§ What to do:
Copy each line of the listing below exactly and drop the images.

§ Data excerpt:
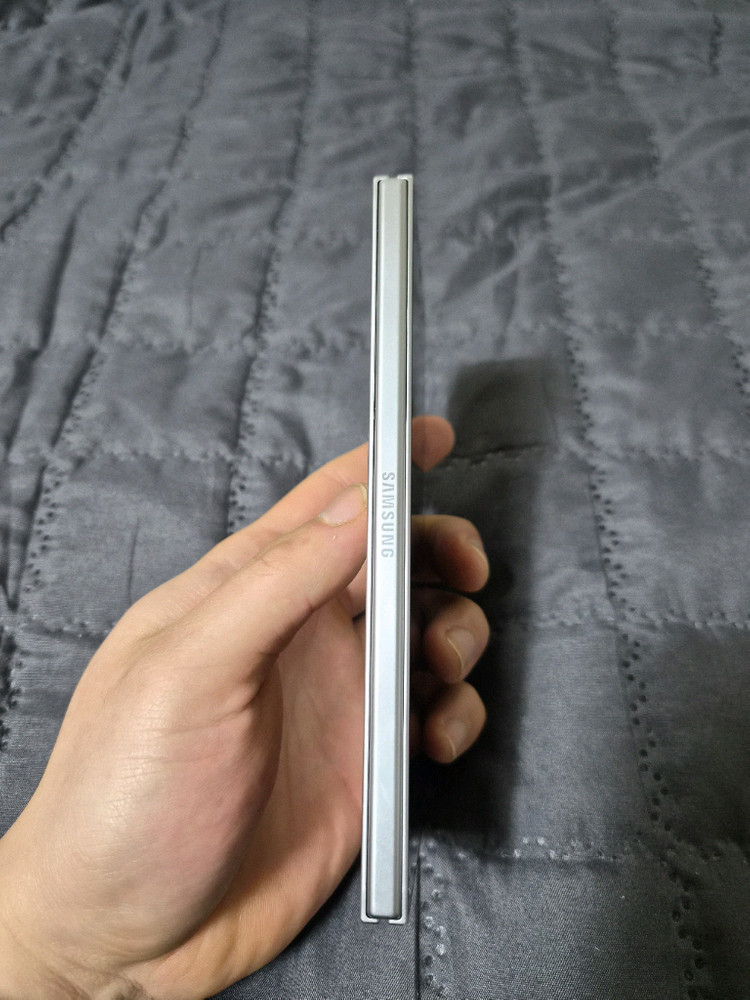 갤럭시 Z폴드7 512기가 실버--4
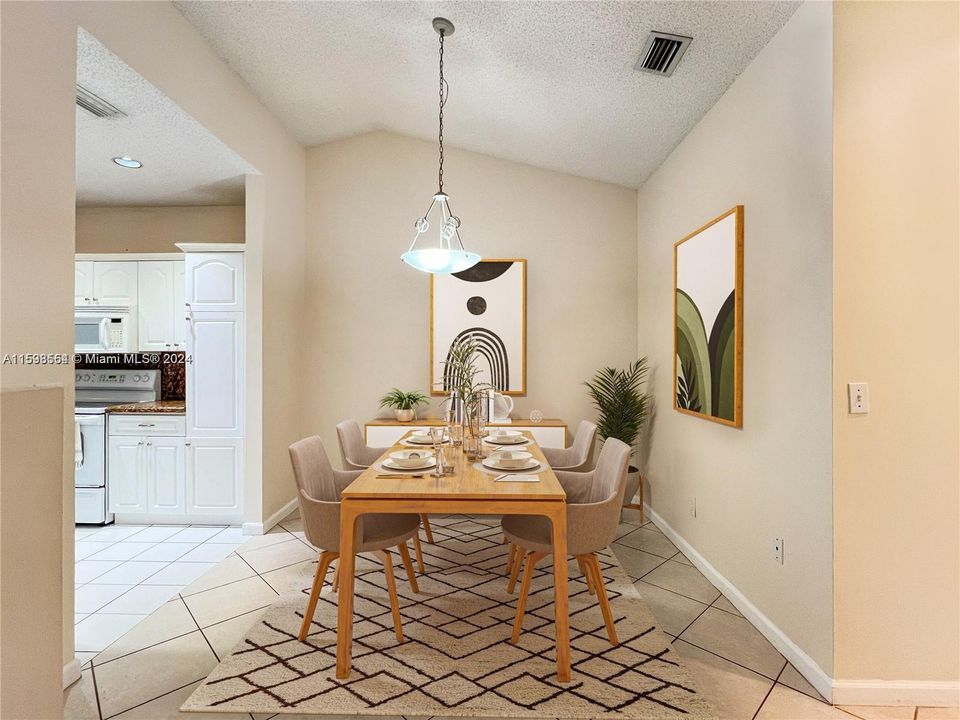 Active With Contract: $3,250 (3 beds, 2 baths, 1367 Square Feet)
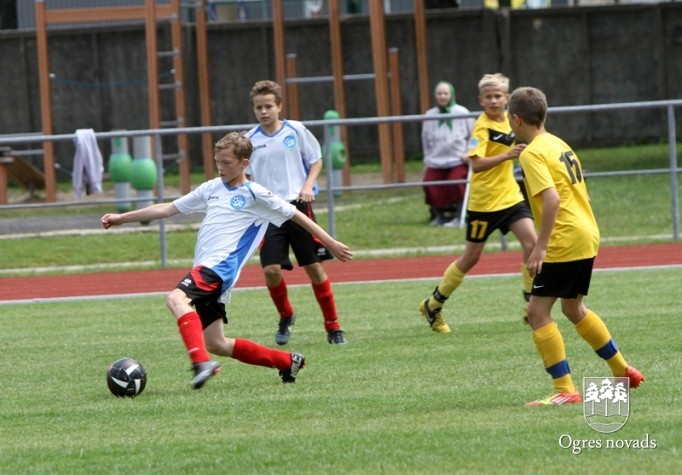 "Ogres SC" jaunie futbolisti piekāpjas Vidzemes izlasei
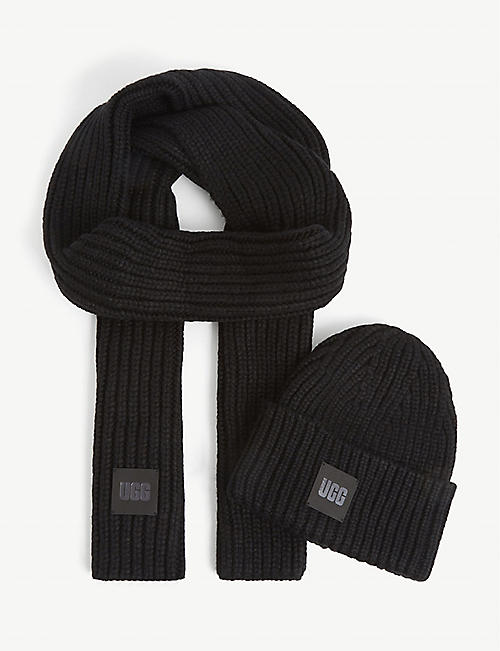 UGG: Logo-patch knitted beanie hat and scarf set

§ Expected answer:
 갤럭시 Z폴드7 512기가 실버--4
 Active With Contract: $3,250 (3 beds, 2 baths, 1367 Square Feet)
 "Ogres SC" jaunie futbolisti piekāpjas Vidzemes izlasei
 UGG: Logo-patch knitted beanie hat and scarf set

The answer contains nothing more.